» **How to complete this task**
The entries must be retyped exactly, down to the last line.

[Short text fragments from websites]
--*--
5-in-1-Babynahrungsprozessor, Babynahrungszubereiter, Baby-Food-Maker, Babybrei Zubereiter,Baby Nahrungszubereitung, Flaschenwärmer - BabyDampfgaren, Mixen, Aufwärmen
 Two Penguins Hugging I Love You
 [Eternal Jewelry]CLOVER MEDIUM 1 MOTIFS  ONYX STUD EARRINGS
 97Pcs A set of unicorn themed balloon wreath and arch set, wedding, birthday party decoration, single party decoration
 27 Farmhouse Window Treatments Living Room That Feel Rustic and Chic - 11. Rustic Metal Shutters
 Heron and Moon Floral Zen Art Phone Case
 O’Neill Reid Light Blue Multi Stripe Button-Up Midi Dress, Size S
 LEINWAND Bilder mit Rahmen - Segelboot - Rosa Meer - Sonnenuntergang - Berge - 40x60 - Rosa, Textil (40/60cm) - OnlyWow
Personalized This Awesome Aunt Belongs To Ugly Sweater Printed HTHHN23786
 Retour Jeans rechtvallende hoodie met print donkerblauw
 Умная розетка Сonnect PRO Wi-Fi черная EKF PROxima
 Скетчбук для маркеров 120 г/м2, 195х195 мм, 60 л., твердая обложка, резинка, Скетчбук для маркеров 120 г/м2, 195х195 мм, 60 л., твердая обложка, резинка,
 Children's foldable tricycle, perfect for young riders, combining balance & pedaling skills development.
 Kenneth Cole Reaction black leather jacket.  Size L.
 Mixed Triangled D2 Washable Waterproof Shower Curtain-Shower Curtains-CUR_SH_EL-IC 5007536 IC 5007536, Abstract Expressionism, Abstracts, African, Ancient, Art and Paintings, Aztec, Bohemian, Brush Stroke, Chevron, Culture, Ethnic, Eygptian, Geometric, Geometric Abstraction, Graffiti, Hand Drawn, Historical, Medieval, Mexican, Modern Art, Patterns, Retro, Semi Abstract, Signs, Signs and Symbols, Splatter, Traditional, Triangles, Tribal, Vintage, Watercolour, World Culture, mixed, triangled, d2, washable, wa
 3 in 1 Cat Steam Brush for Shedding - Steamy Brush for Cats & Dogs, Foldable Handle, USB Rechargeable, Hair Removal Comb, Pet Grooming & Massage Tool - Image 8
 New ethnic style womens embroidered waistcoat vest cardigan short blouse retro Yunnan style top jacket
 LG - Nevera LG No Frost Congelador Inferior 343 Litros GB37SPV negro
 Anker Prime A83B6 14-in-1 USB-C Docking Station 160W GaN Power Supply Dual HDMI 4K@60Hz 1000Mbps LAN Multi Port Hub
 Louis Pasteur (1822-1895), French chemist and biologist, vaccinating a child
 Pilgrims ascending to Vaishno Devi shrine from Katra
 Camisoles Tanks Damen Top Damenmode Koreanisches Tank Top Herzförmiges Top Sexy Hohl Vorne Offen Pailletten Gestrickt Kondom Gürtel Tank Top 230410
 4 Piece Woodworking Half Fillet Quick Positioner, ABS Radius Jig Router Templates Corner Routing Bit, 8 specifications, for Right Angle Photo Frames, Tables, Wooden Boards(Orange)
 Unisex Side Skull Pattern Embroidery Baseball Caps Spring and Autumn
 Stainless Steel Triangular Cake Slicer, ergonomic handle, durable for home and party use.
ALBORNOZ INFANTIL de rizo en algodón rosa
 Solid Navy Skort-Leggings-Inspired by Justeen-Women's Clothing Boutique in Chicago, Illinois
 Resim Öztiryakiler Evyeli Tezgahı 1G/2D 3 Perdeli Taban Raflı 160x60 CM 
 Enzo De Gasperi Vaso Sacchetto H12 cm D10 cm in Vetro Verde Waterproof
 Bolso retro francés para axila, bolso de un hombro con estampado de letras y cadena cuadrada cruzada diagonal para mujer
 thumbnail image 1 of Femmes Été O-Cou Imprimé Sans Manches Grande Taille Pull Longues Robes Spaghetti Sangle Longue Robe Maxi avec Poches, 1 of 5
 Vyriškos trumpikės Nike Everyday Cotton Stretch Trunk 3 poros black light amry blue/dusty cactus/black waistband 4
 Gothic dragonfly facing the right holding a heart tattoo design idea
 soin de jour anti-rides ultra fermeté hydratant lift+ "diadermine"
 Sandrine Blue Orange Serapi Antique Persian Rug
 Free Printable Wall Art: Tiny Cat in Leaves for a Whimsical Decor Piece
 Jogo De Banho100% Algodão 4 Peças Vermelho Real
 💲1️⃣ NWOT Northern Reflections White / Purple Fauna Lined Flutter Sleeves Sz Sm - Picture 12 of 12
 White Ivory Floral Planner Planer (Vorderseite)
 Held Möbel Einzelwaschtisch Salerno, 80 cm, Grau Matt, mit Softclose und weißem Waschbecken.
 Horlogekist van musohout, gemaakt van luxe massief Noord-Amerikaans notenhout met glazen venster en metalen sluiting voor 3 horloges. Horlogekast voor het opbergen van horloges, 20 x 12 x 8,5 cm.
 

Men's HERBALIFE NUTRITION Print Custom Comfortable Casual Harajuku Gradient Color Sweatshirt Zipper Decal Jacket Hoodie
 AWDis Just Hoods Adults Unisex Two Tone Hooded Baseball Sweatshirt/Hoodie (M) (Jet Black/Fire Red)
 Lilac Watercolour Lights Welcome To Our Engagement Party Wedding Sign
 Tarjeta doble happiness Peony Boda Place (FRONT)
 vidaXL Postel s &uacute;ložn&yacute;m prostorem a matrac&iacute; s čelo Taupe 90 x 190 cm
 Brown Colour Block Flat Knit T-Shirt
--*--
» **Task output**
5-in-1-Babynahrungsprozessor, Babynahrungszubereiter, Baby-Food-Maker, Babybrei Zubereiter,Baby Nahrungszubereitung, Flaschenwärmer - BabyDampfgaren, Mixen, Aufwärmen
 Two Penguins Hugging I Love You
 [Eternal Jewelry]CLOVER MEDIUM 1 MOTIFS  ONYX STUD EARRINGS
 97Pcs A set of unicorn themed balloon wreath and arch set, wedding, birthday party decoration, single party decoration
 27 Farmhouse Window Treatments Living Room That Feel Rustic and Chic - 11. Rustic Metal Shutters
 Heron and Moon Floral Zen Art Phone Case
 O’Neill Reid Light Blue Multi Stripe Button-Up Midi Dress, Size S
 LEINWAND Bilder mit Rahmen - Segelboot - Rosa Meer - Sonnenuntergang - Berge - 40x60 - Rosa, Textil (40/60cm) - OnlyWow
Personalized This Awesome Aunt Belongs To Ugly Sweater Printed HTHHN23786
 Retour Jeans rechtvallende hoodie met print donkerblauw
 Умная розетка Сonnect PRO Wi-Fi черная EKF PROxima
 Скетчбук для маркеров 120 г/м2, 195х195 мм, 60 л., твердая обложка, резинка, Скетчбук для маркеров 120 г/м2, 195х195 мм, 60 л., твердая обложка, резинка,
 Children's foldable tricycle, perfect for young riders, combining balance & pedaling skills development.
 Kenneth Cole Reaction black leather jacket.  Size L.
 Mixed Triangled D2 Washable Waterproof Shower Curtain-Shower Curtains-CUR_SH_EL-IC 5007536 IC 5007536, Abstract Expressionism, Abstracts, African, Ancient, Art and Paintings, Aztec, Bohemian, Brush Stroke, Chevron, Culture, Ethnic, Eygptian, Geometric, Geometric Abstraction, Graffiti, Hand Drawn, Historical, Medieval, Mexican, Modern Art, Patterns, Retro, Semi Abstract, Signs, Signs and Symbols, Splatter, Traditional, Triangles, Tribal, Vintage, Watercolour, World Culture, mixed, triangled, d2, washable, wa
 3 in 1 Cat Steam Brush for Shedding - Steamy Brush for Cats & Dogs, Foldable Handle, USB Rechargeable, Hair Removal Comb, Pet Grooming & Massage Tool - Image 8
 New ethnic style womens embroidered waistcoat vest cardigan short blouse retro Yunnan style top jacket
 LG - Nevera LG No Frost Congelador Inferior 343 Litros GB37SPV negro
 Anker Prime A83B6 14-in-1 USB-C Docking Station 160W GaN Power Supply Dual HDMI 4K@60Hz 1000Mbps LAN Multi Port Hub
 Louis Pasteur (1822-1895), French chemist and biologist, vaccinating a child
 Pilgrims ascending to Vaishno Devi shrine from Katra
 Camisoles Tanks Damen Top Damenmode Koreanisches Tank Top Herzförmiges Top Sexy Hohl Vorne Offen Pailletten Gestrickt Kondom Gürtel Tank Top 230410
 4 Piece Woodworking Half Fillet Quick Positioner, ABS Radius Jig Router Templates Corner Routing Bit, 8 specifications, for Right Angle Photo Frames, Tables, Wooden Boards(Orange)
 Unisex Side Skull Pattern Embroidery Baseball Caps Spring and Autumn
 Stainless Steel Triangular Cake Slicer, ergonomic handle, durable for home and party use.
ALBORNOZ INFANTIL de rizo en algodón rosa
 Solid Navy Skort-Leggings-Inspired by Justeen-Women's Clothing Boutique in Chicago, Illinois
 Resim Öztiryakiler Evyeli Tezgahı 1G/2D 3 Perdeli Taban Raflı 160x60 CM 
 Enzo De Gasperi Vaso Sacchetto H12 cm D10 cm in Vetro Verde Waterproof
 Bolso retro francés para axila, bolso de un hombro con estampado de letras y cadena cuadrada cruzada diagonal para mujer
 thumbnail image 1 of Femmes Été O-Cou Imprimé Sans Manches Grande Taille Pull Longues Robes Spaghetti Sangle Longue Robe Maxi avec Poches, 1 of 5
 Vyriškos trumpikės Nike Everyday Cotton Stretch Trunk 3 poros black light amry blue/dusty cactus/black waistband 4
 Gothic dragonfly facing the right holding a heart tattoo design idea
 soin de jour anti-rides ultra fermeté hydratant lift+ "diadermine"
 Sandrine Blue Orange Serapi Antique Persian Rug
 Free Printable Wall Art: Tiny Cat in Leaves for a Whimsical Decor Piece
 Jogo De Banho100% Algodão 4 Peças Vermelho Real
 💲1️⃣ NWOT Northern Reflections White / Purple Fauna Lined Flutter Sleeves Sz Sm - Picture 12 of 12
 White Ivory Floral Planner Planer (Vorderseite)
 Held Möbel Einzelwaschtisch Salerno, 80 cm, Grau Matt, mit Softclose und weißem Waschbecken.
 Horlogekist van musohout, gemaakt van luxe massief Noord-Amerikaans notenhout met glazen venster en metalen sluiting voor 3 horloges. Horlogekast voor het opbergen van horloges, 20 x 12 x 8,5 cm.
 

Men's HERBALIFE NUTRITION Print Custom Comfortable Casual Harajuku Gradient Color Sweatshirt Zipper Decal Jacket Hoodie
 AWDis Just Hoods Adults Unisex Two Tone Hooded Baseball Sweatshirt/Hoodie (M) (Jet Black/Fire Red)
 Lilac Watercolour Lights Welcome To Our Engagement Party Wedding Sign
 Tarjeta doble happiness Peony Boda Place (FRONT)
 vidaXL Postel s &uacute;ložn&yacute;m prostorem a matrac&iacute; s čelo Taupe 90 x 190 cm
 Brown Colour Block Flat Knit T-Shirt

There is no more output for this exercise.